Short web captions:

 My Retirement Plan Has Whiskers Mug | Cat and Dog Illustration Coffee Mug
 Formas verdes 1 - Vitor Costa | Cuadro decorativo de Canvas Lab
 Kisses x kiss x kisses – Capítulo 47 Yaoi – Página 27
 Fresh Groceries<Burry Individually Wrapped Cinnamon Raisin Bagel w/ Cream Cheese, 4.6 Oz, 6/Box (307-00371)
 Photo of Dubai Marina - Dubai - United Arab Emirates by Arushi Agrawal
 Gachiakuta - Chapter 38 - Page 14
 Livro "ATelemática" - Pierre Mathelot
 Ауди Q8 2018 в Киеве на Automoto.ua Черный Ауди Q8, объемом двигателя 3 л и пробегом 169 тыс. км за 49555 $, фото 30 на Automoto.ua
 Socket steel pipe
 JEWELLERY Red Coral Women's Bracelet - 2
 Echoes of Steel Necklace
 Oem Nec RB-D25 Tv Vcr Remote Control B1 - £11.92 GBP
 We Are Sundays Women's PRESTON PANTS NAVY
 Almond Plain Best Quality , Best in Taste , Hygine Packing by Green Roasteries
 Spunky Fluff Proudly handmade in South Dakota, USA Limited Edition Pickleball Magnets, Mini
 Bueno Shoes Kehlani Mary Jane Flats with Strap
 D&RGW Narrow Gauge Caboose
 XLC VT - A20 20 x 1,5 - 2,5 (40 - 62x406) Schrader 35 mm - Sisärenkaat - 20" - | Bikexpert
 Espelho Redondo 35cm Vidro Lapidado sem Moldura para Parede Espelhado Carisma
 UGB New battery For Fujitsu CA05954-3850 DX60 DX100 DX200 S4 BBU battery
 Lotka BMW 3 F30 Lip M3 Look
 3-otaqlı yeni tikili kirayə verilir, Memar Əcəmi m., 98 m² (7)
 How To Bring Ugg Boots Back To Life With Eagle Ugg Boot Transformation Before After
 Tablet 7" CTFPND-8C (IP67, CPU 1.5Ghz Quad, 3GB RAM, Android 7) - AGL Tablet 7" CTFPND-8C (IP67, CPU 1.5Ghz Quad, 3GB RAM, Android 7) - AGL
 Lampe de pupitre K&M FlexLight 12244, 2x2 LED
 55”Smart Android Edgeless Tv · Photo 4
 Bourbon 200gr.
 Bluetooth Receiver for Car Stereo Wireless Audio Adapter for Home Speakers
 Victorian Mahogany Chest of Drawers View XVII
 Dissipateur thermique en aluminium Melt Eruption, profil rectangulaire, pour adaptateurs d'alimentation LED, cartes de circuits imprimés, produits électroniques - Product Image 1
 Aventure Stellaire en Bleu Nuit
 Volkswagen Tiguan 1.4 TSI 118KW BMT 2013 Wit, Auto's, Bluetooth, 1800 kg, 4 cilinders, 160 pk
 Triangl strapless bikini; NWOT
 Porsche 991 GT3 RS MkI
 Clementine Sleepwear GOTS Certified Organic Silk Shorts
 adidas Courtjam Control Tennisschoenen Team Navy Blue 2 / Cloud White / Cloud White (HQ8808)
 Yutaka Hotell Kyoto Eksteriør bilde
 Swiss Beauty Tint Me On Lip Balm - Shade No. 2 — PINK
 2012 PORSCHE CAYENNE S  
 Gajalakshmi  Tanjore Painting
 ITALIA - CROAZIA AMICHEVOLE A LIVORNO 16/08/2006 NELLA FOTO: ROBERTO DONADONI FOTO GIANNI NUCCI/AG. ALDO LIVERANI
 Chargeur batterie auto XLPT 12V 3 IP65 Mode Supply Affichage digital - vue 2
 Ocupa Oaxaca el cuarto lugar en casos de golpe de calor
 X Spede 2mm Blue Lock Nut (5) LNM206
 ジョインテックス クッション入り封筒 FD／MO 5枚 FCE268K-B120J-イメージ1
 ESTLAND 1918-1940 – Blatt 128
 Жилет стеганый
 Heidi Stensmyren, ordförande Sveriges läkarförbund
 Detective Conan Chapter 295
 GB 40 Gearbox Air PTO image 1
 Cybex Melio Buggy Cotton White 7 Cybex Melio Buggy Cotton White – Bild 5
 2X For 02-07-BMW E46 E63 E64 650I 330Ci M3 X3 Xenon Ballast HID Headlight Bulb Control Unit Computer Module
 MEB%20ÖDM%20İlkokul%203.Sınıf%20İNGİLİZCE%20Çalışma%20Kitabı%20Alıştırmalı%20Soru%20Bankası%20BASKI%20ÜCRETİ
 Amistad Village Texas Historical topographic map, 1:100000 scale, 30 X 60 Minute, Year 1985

§ **What needs to be done**:
Pull out all lines from the entries above that include the word "Bluetooth".

§ **Problem solution**:
 Bluetooth Receiver for Car Stereo Wireless Audio Adapter for Home Speakers
 Volkswagen Tiguan 1.4 TSI 118KW BMT 2013 Wit, Auto's, Bluetooth, 1800 kg, 4 cilinders, 160 pk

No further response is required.